(To do): Give back an exact copy of the entries beneath, minus the pictures.

(Material for this task):
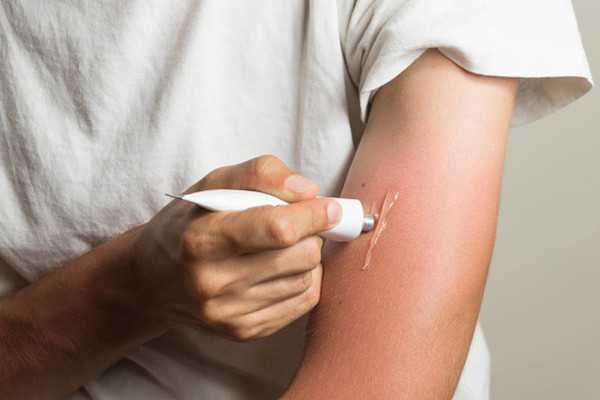 晒伤后怎么变白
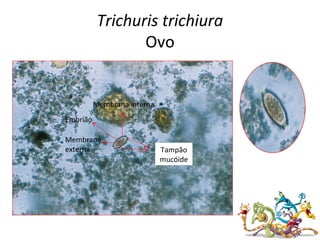 Trichuris trichiura
Ovo
Tampão
mucóide
Membrana
externa
Embrião
Membrana interna
 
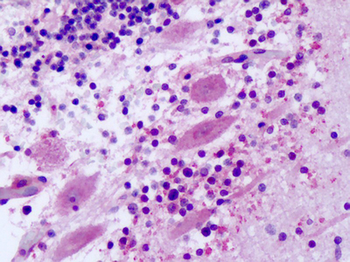 FZD8/Frizzled 8 Antibody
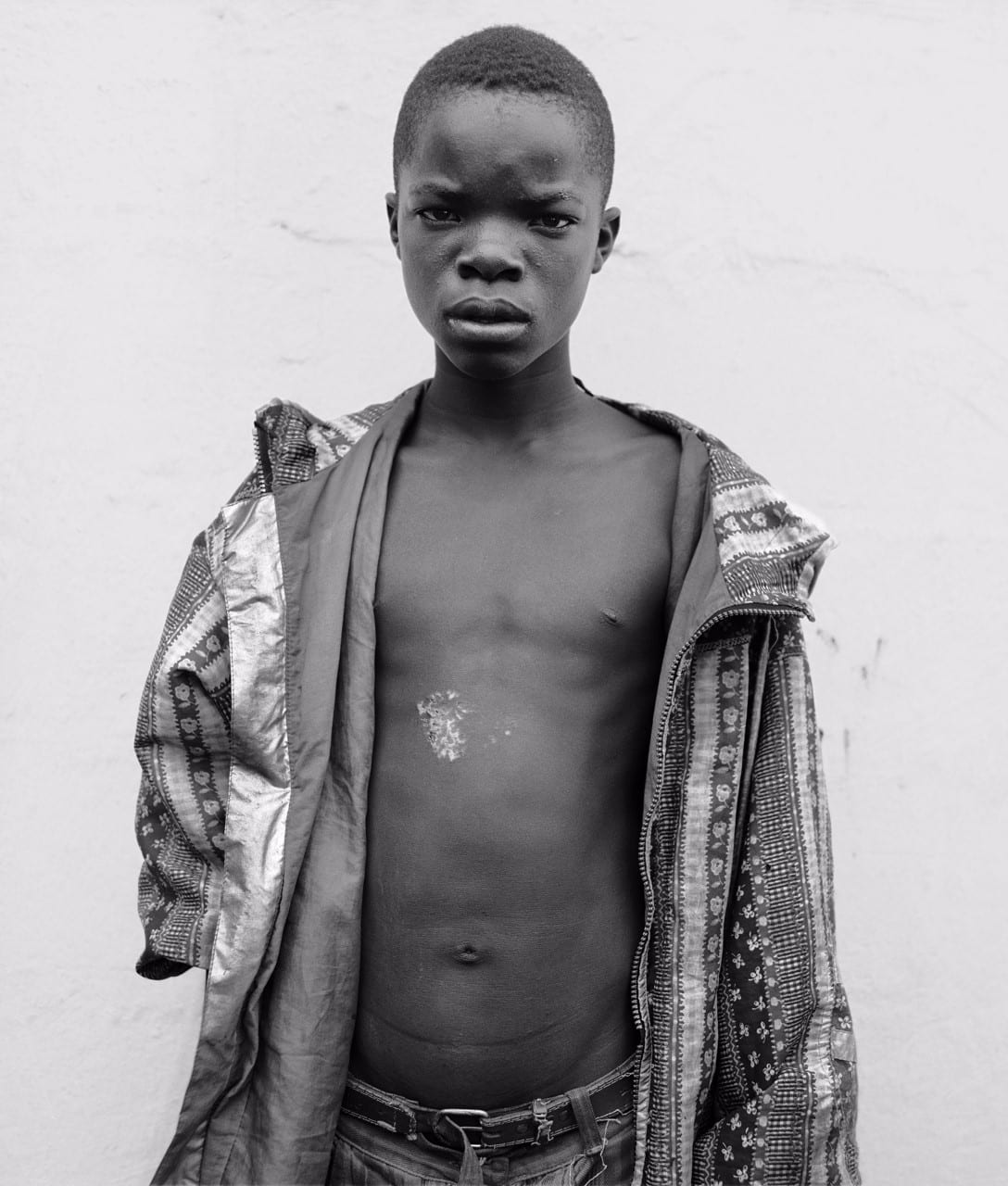 Street Child IV, Lusaka, Zambia, 1999 Pigment Print 66 x 56 cm | 26 x 22 1/8 in Edition of...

(Task response):
 晒伤后怎么变白
 Trichuris trichiura
Ovo
Tampão
mucóide
Membrana
externa
Embrião
Membrana interna
 
 FZD8/Frizzled 8 Antibody
 Street Child IV, Lusaka, Zambia, 1999 Pigment Print 66 x 56 cm | 26 x 22 1/8 in Edition of...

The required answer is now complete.